First the Low Tech...no CO2, no regular ferts, and low lighting








56G Column








Angelfish pair with eggs








Not so great pic of my fav fish and the only one with a name aka "Mr. Bill"

Now the Mid Tech...DIY CO2, EI Dosing, Medium lighting









20G high tank at work...I didnt even attempt tiger barb pics

Now the High Tech...Pressurized CO2, EI Dosing, High Lighting, Lots of circulation
















The 50G has been running since January 2014...its starting to come together








Male Turquoise Rainbow...only 5 fish in the tank thus far 3 Turq rainbows and 2 Otos


----------



## green18 (Jan 6, 2014)

Nice shots! Are you running filtration in these or just plants with water movement?


----------



## boxboy (Jun 1, 2013)

Do you have a link to your low tech tank? I wanna see excatly how you made that tank because Im soon to set up a 40B low tech.


----------



## jmf3460 (Aug 21, 2013)

beautiful tanks, and exceptionally beautiful angel fish. I like your low tech tank best!


----------



## sleepswithdafishez (May 23, 2013)

Those tanks look great! I can't say which one I like more.
Can you please tell me what lighting do you have on the low and medium tanks ,and at what height?Just so I can make a general idea....


----------



## MCHRKiller (Jul 25, 2008)

I do use filtration on the tanks. The 20G has an AC30(upgrading to AC50 when it arrives) with just 2 sponges, the Cascade Internal filter just has a bit of AC sponge and a couple of Bio Chem Stars. The 50G has an AC110 with Eheim Ehfilav and a sponge. The 56G column has an XP3 with stock sponges, Eheim Ehfilav, and filter floss. 

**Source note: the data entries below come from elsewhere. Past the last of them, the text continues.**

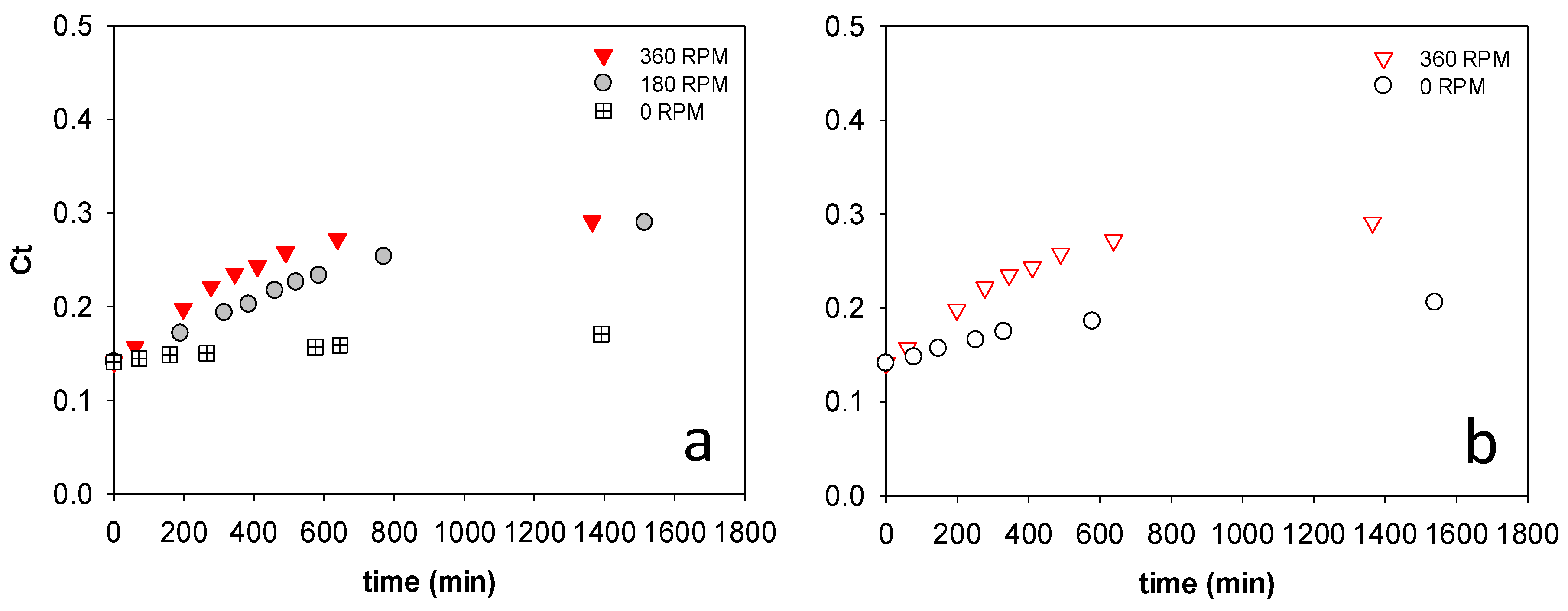 Membranes 08 00025 g004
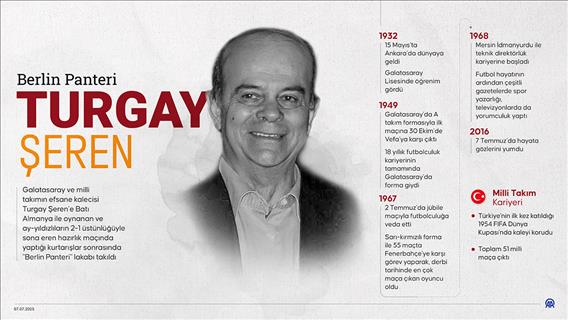 'Berlin Panteri': Turgay Şeren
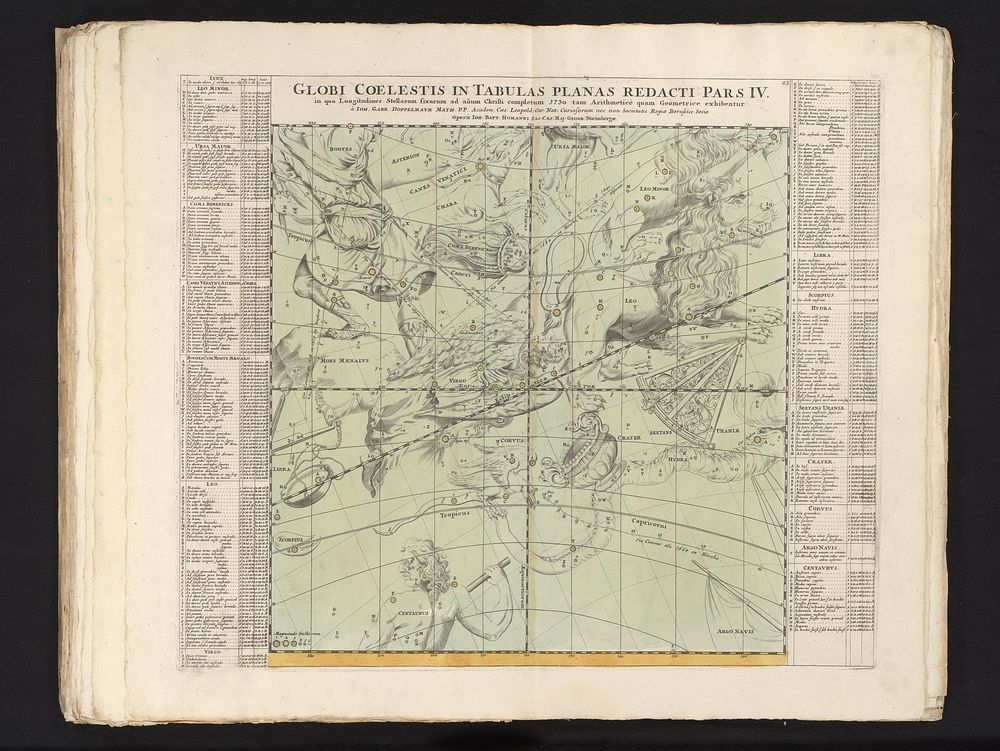 Vierde deel van een zesdelige reeks kaarten van de sterrenhemel aan het eind van het jaar 1730 (1742) by anonymous, Johann…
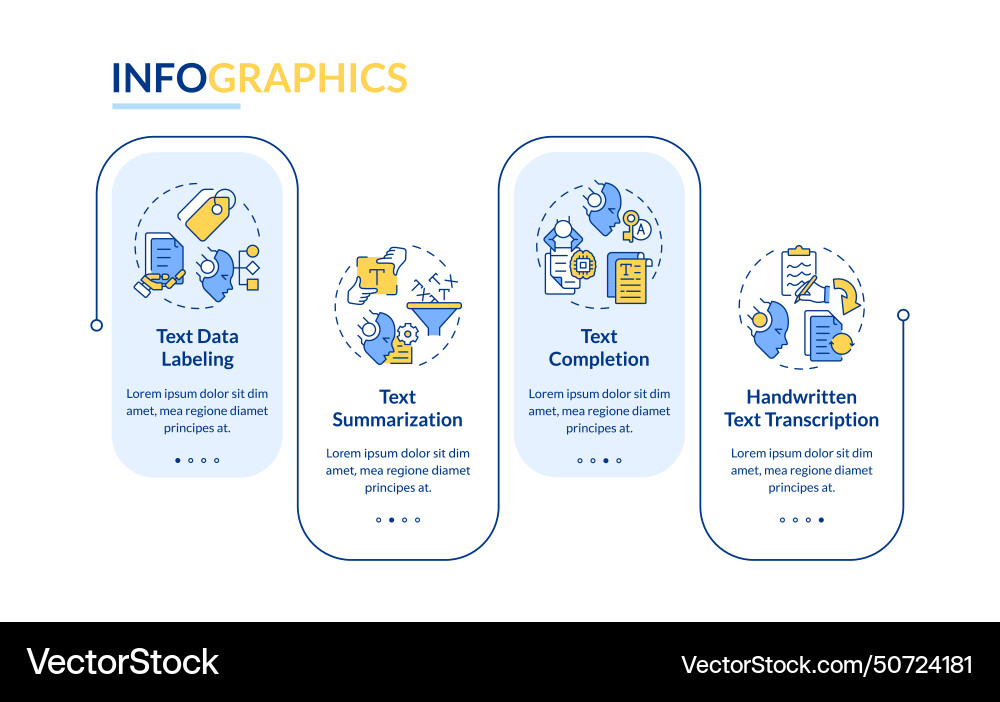 Artificial text summarization rectangle vector image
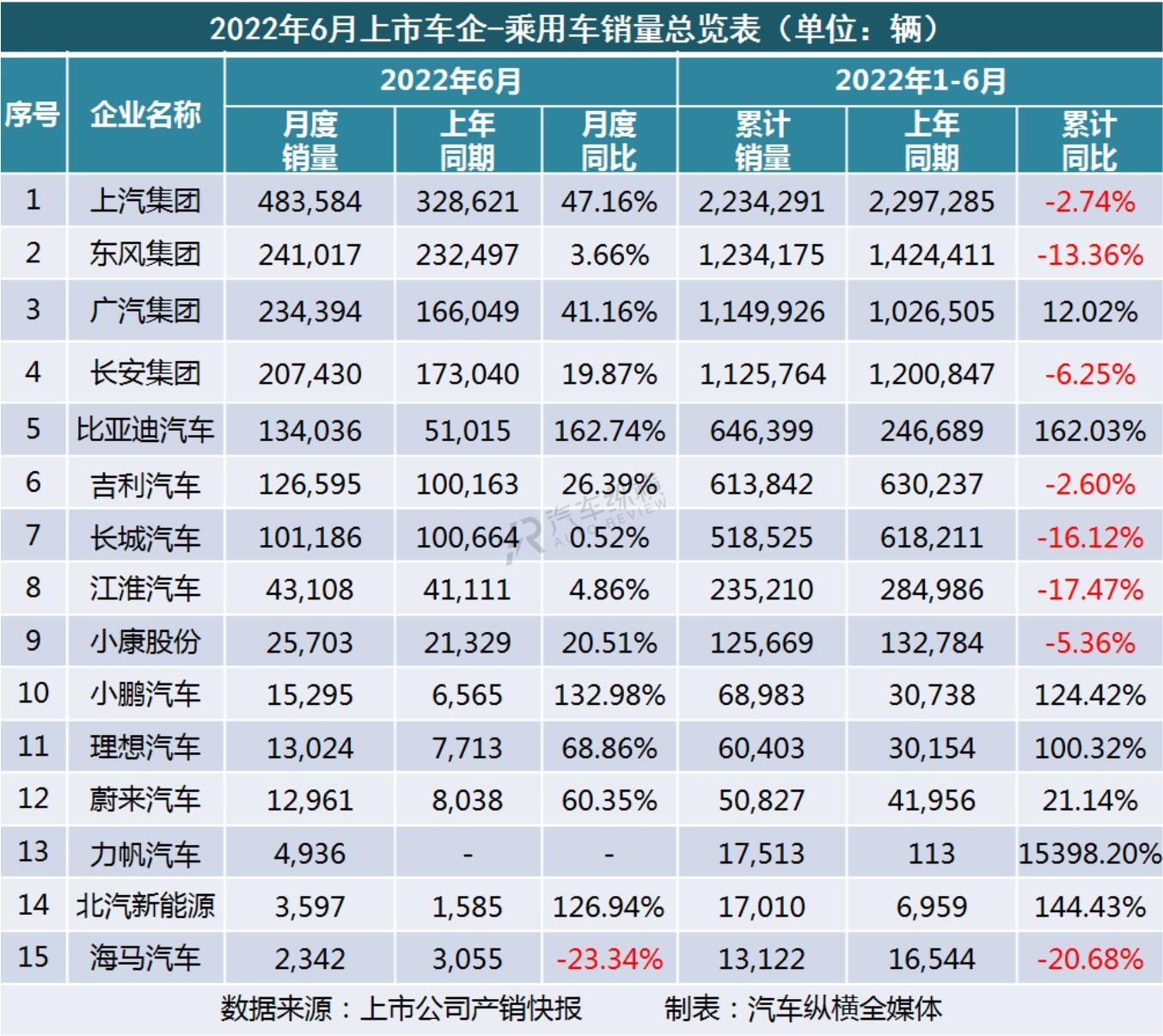 20万左右b级车销量排行_b级车销量排行 2016_2022车销量排行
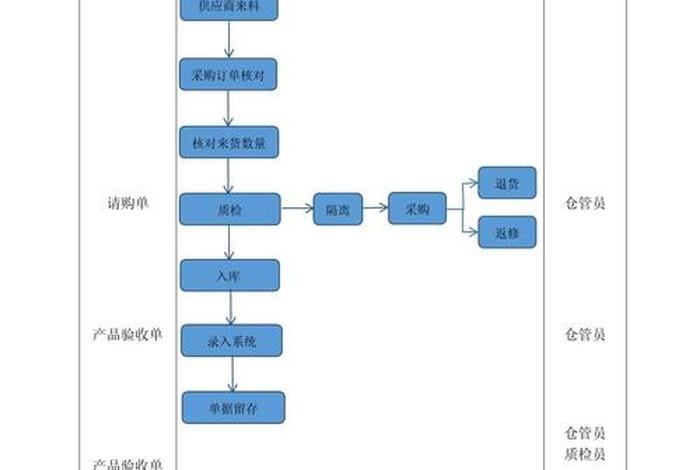 电商物流仓储怎么做(电商物流仓储什么流程) 电商物流仓储怎么做(电商物流仓储什么流程)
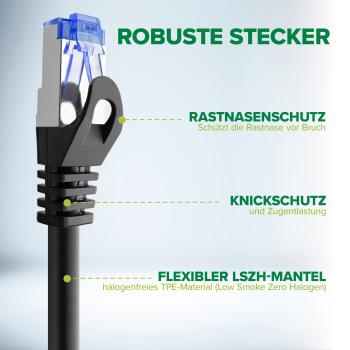 Preview: InLine® Patchkabel, Cat.6A, S/FTP, TPE (LSZH), CCA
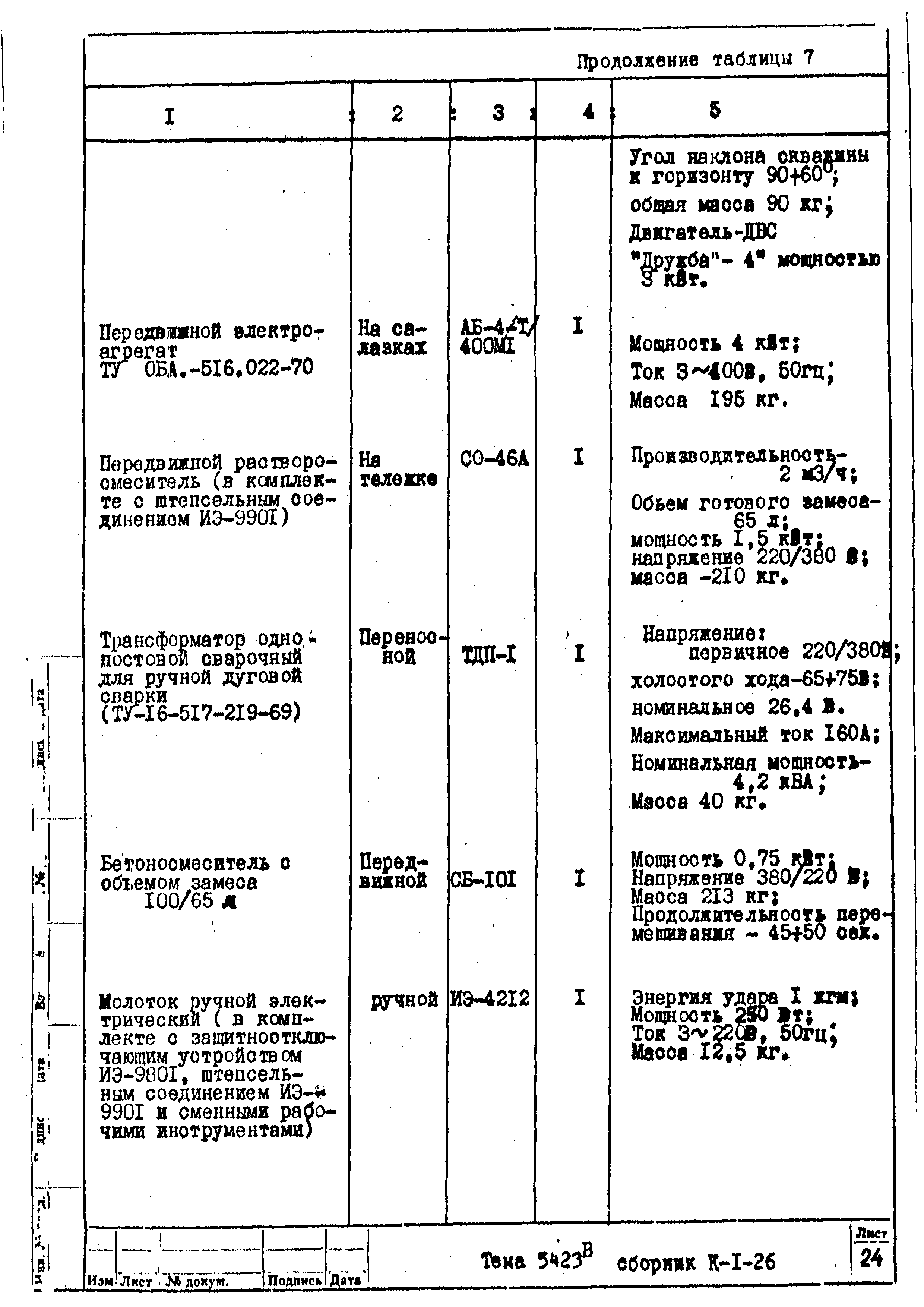 Технологическая карта К-1-26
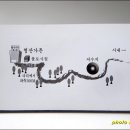 청산가든 이미지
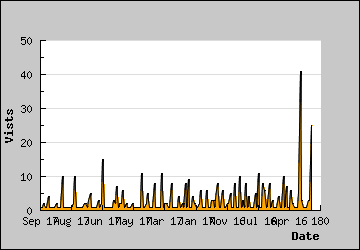 Visits Per Day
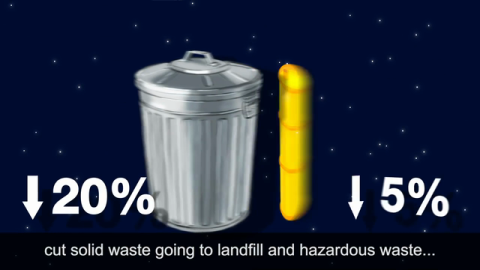 Boeing Advances Biofuels, Recycling and Conservation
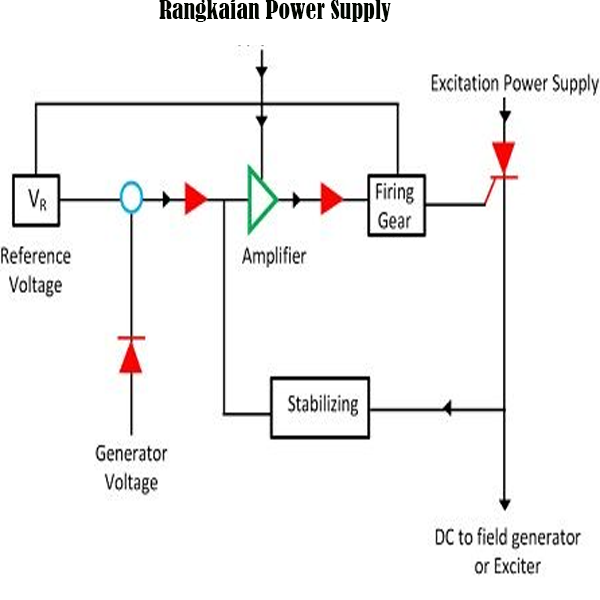 Gambar Rangkaian Avr Genset - KibrisPDR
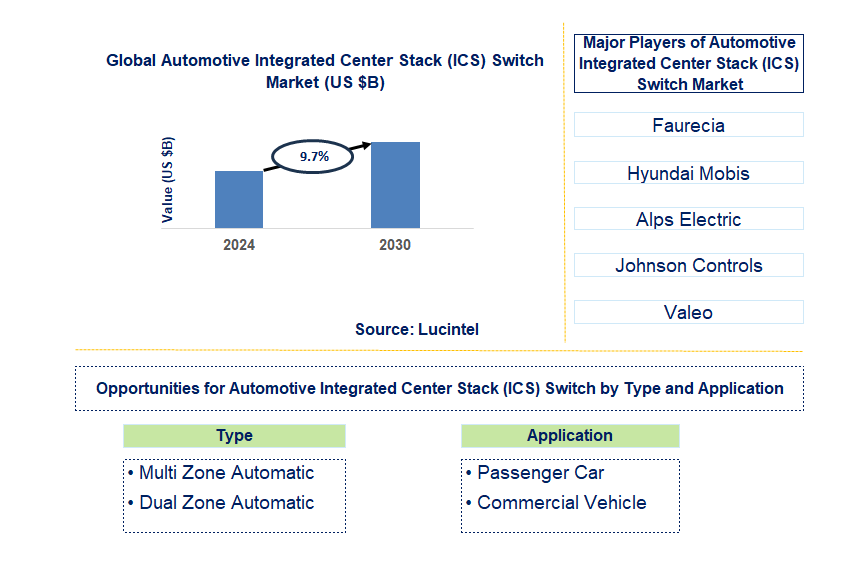 Automotive Integrated Center Stack (ICS) Switch Trends and Forecast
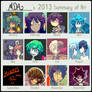 MDA's 2013 Summary Of Art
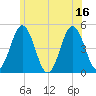 Sturgeon Island tide chart for Wednesday, July 16, 2025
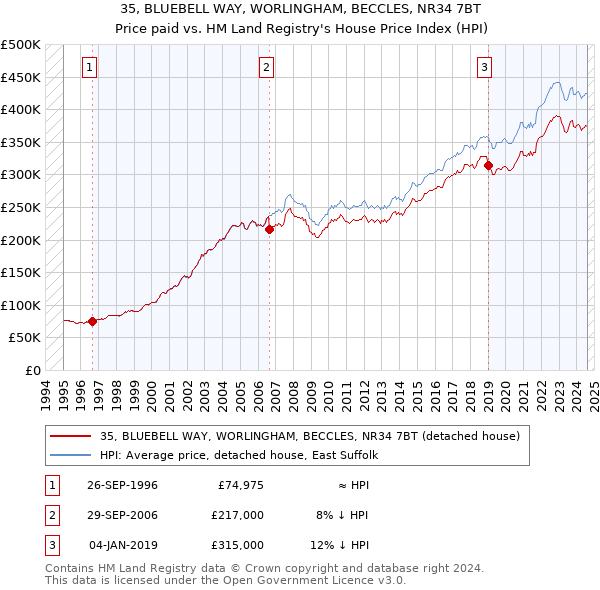 35, BLUEBELL WAY, WORLINGHAM, BECCLES, NR34 7BT: Price paid vs HM Land Registry's House Price Index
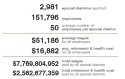 Average Pay And Benefits For CA Special Districts
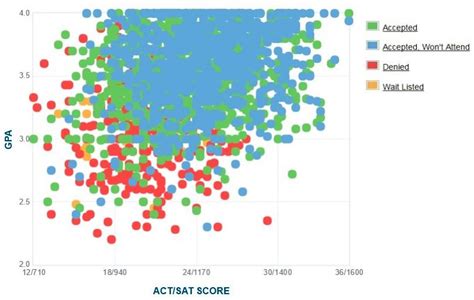 Cal State Fullerton Transfer Acceptance Rate: A Comprehensive Overview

The 56G column was using a 2x65watt Coralife however one of the ballasts went bad so I ran only 1 65watt bulb for about 6 months. I recently upgraded to a 24" Odyssea 2x24watt HOT5...it is sitting on the factory legs on the glass top. The 20G is using a 20" Odyssea 2x18watt HOT5 it is also on the factory legs on the tank top. The 50G is using a Current 2x39watt HOT5. 

I will see if I have any photos of the 56G column in its earlier days. Otherwise I dont have any specific info on its build. 

Thank you all for the very kind comments, without this site these tanks wouldnt look half as good.


----------



## MCHRKiller (Jul 25, 2008)

Here is a photo from around April 2013 when I first began to set the tank up...you will notice that some of the wood wound up repositioned...









Photo around the time when I first added plants...I did not realize the A.barteri had grown so much lol


----------